* Problem details:
All of the data should be reproduced word for word, though its pictures must be omitted.

* Dataset excerpts:

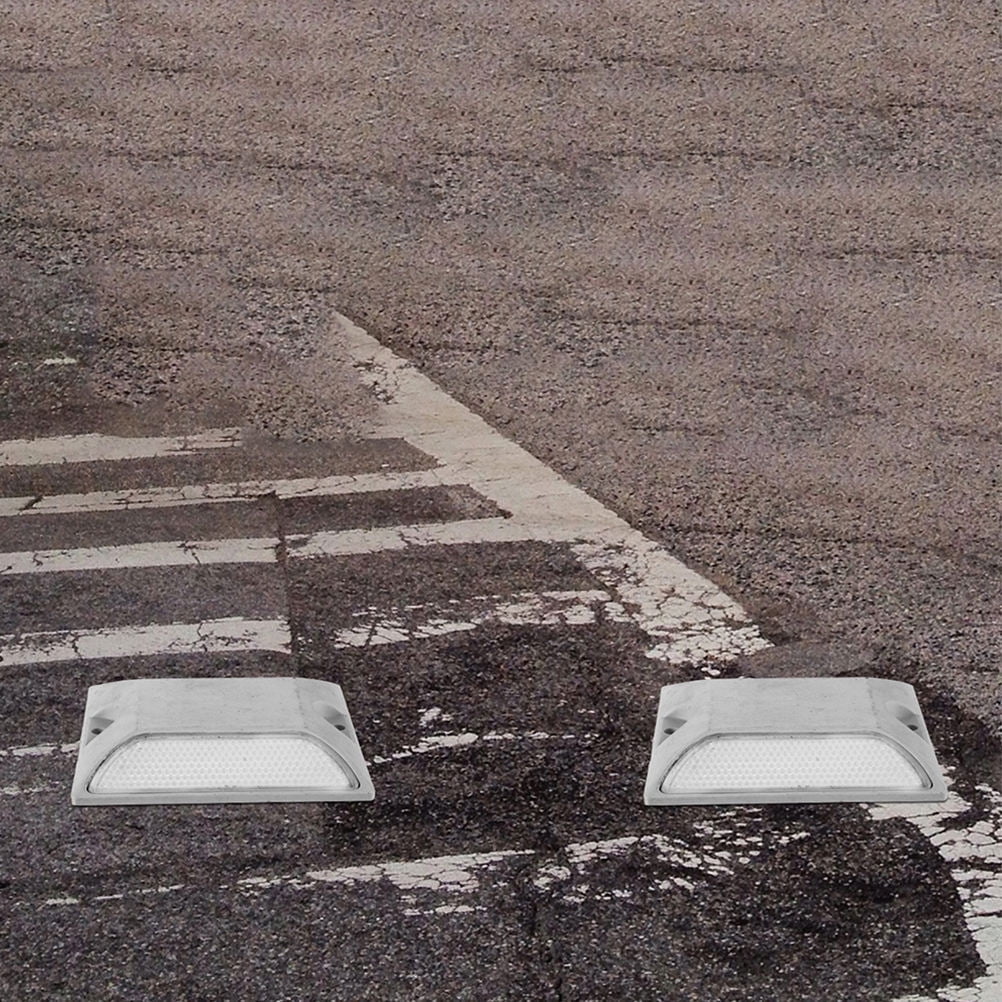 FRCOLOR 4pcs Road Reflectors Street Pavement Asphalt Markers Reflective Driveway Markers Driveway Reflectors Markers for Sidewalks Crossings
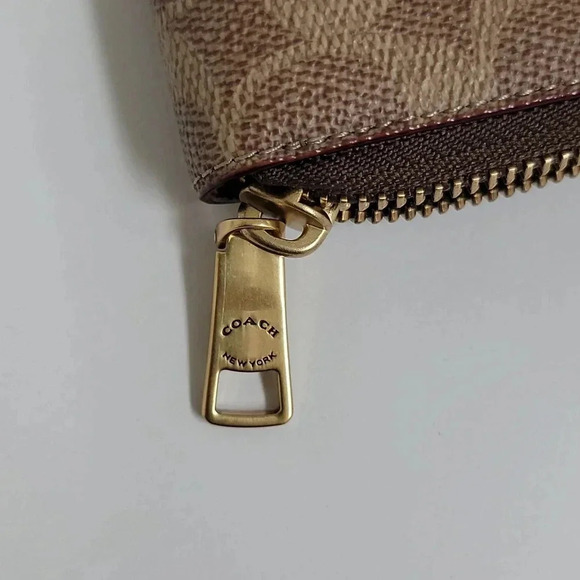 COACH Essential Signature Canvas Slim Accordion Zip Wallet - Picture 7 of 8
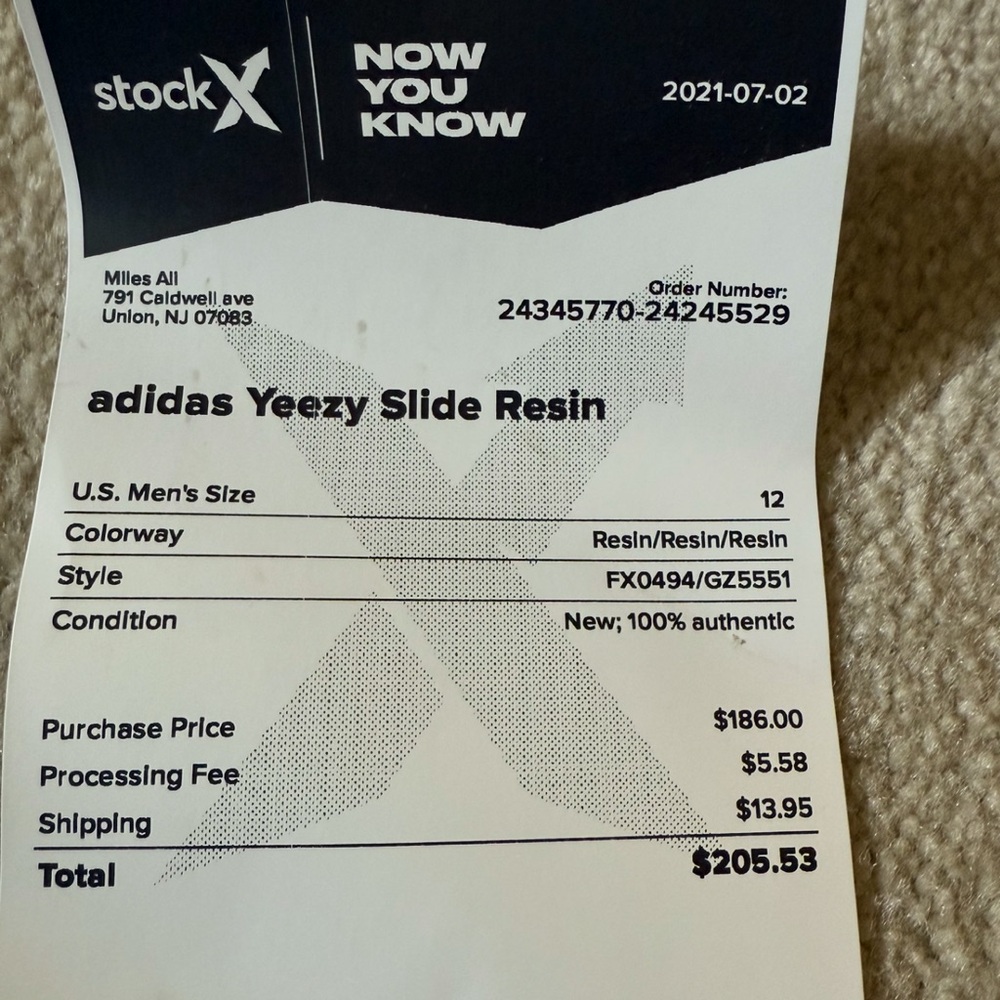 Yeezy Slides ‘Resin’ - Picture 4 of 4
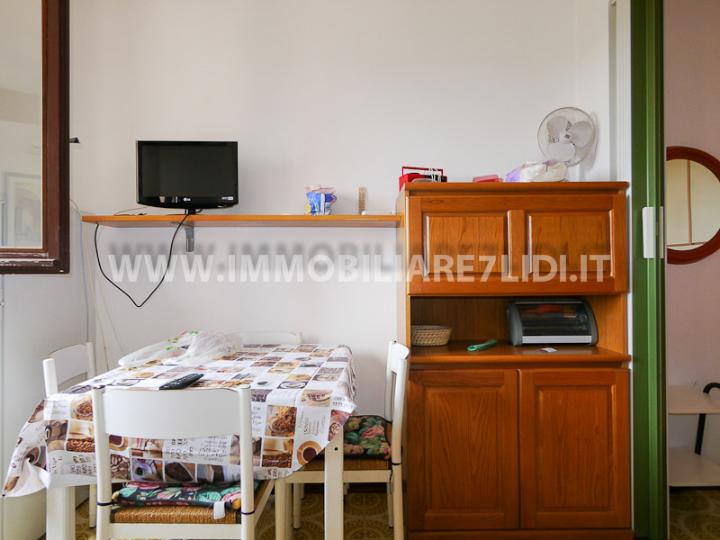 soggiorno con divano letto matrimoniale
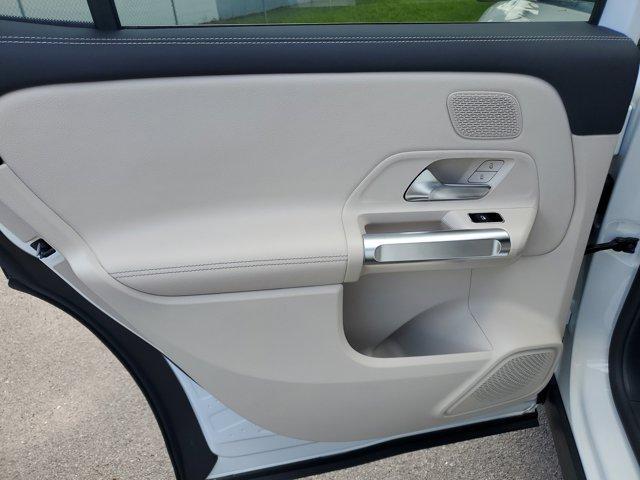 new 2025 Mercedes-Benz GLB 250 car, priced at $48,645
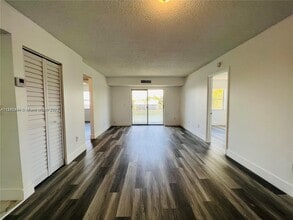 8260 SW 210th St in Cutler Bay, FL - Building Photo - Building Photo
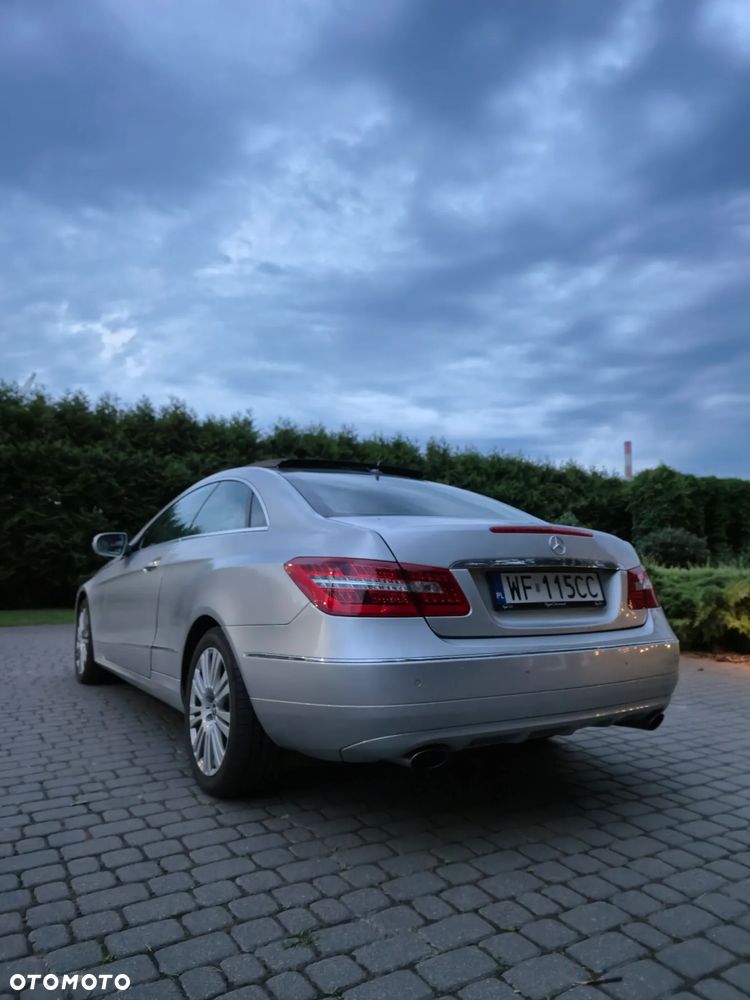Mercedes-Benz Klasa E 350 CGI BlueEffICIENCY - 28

* Response to this exercise:
 FRCOLOR 4pcs Road Reflectors Street Pavement Asphalt Markers Reflective Driveway Markers Driveway Reflectors Markers for Sidewalks Crossings
 COACH Essential Signature Canvas Slim Accordion Zip Wallet - Picture 7 of 8
 Yeezy Slides ‘Resin’ - Picture 4 of 4
 soggiorno con divano letto matrimoniale
 new 2025 Mercedes-Benz GLB 250 car, priced at $48,645
 8260 SW 210th St in Cutler Bay, FL - Building Photo - Building Photo
Mercedes-Benz Klasa E 350 CGI BlueEffICIENCY - 28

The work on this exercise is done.